Leyendo ciertas declaraciones de gentes del teatro -artistas y gestores- críticos con los recientes nombramientos de los directores de teatros públicos en Madrid, se me ocurren algunas reflexiones:
Para esos artistas hay una gran diferencia entre nombrar con un dedo (a dedo, según la expresión al uso) a un director de teatro, y nombrar con el mismo dedo, pero con guante puesto (concurso) al mismo director. La verdad es que ambos procedimientos son igualmente arbitrarios con la diferencia de que con el primero nadie se lleva a engaño, y con el segundo el elegido pretende que le han nombrado por sus indubitables méritos. Pero la mayor diferencia entre ambos métodos es que en el primero, al ser transparente en su arbitrariedad, permite al que nombra (o sea, al político) cesar al nombrado cuando lo considera conveniente, y en el segundo, el nombrado pretende mantenerse en el cargo el tiempo establecido en un contrato.
Ahora se han producido nombramientos a dedo, y ciertas gentes del teatro a eso le llaman INJERENCIA de la política en la cultura. ¡Qué horror! Tiemblo de sólo imaginarlo. Injerir es “meter una cosa en otra”, también “entremeterse”. ¡Fatal! Pero, ahora en serio, ¿cómo se come eso de que el teatro público, es decir, el teatro propiedad de la administración pública y financiado con los impuestos, no debe sufrir la injerencia de los únicos que responden ante los ciudadanos del uso que se hace de los impuestos que pagan?
El interés de los políticos por la cultura
Dice el autor y director de escena Ernesto Caballero en una información reciente de la cadena SER: “La tentación del político de utilizar la cultura en beneficio propio y hacer uso sectario o partidista siempre ha existido y sigue existiendo”. Es una frase para mí indudablemente cierta. Pero ¿es que hay algún ámbito de su actividad de la que los políticos no intenten obtener un beneficio propio -es decir, directamente para él, sus familiares y amigos-, o para las ideas que defienden? Piensen, por ejemplo, en cómo actúan los políticos en relación con la televisión pública, la enseñanza o la sanidad. Además, la política no es diferente al resto de actividades humanas. ¿Hay alguna profesión en la que sus miembros no intenten sacar un beneficio para ellos o para las ideas que defienden con la actividad que desarrollan? Claro que no, a no ser que en casos concretos se demuestre un altruismo excepcional, por ejemplo, rebajándose el sueldo de forma sustancial y cosas así. Entonces, ¿cuál es el mensaje subyacente en tan obvia perogrullada?

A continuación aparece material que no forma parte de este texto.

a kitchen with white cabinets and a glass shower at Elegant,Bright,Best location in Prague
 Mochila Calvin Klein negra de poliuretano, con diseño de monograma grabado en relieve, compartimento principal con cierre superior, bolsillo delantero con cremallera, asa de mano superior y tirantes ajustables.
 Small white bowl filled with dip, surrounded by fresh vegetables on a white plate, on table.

Miguel del Arco, director de escena y socio fundador del Teatro Kamikaze, dice lo mismo con otras palabras: “Los políticos deberían hacer todo lo posible para que las entidades de producción artística sean independientes de ellos. Lo que deberían hacer es intentar que tengan más medios económicos”. Un manifiesto que circula por ahí promovido por Isla Aguilar y Miguel Oyarzun (directores del centro Conde Duque recién cesados por la nueva corporación municipal del PP) lo expresa así: “Desde nuestro sector debemos fomentar el respeto y la independencia de la Cultura [con mayúscula en el original] sin entrar en clientelismos, ni en la intromisión partidista en las tareas artísticas”.
La idea patrimonial de la cultura
Si la gestión de la actividad cultural financiada con dinero público debe ser independiente de los representantes políticos, ¿en manos de quién debe estar? De los artistas-gestores, no sujetos a los cambios de gobiernos, dicen. Suena bien, pero si lo probamos un poco, sabe mal.
Lo que siempre se trasluce de este tipo de planteamientos es, por un lado, una idea patrimonial de la cultura: la cultura somos nosotros, los artistas-gestores; por otro, la hipócrita pretensión de hacernos creer que la cultura no es, precisamente, uno de los principales campos de batalla de la contienda política, o ¿es que la cultura no forma parte de los programas políticos que vota la ciudadanía? Tampoco se escapa el hecho de que los puestos directivos de gestión de la actividad cultural pública son algunos de los chollos que se pueden conseguir a cargo del erario público. No es de recibo lloriquear por perder una canonjía.
Conclusión: O hay subvención a la cultura con dinero público o no la hay. Si la hay, habrá injerencia, y si no la hay, no. La financiación pública de una actividad cultural no sólo convierte dicha actividad en un servicio público, sino en una actividad inevitablemente politizada, como han dado sobradas muestras algunos de los que ahora reclaman una gestión independiente y apolítica del teatro público, pues cuando han tenido la ocasión han programado panfletos. Lo que no se puede pretender es ser director de un teatro público, nombrado a dedo con guante o sin él, y no estar sujeto a los avatares de la política.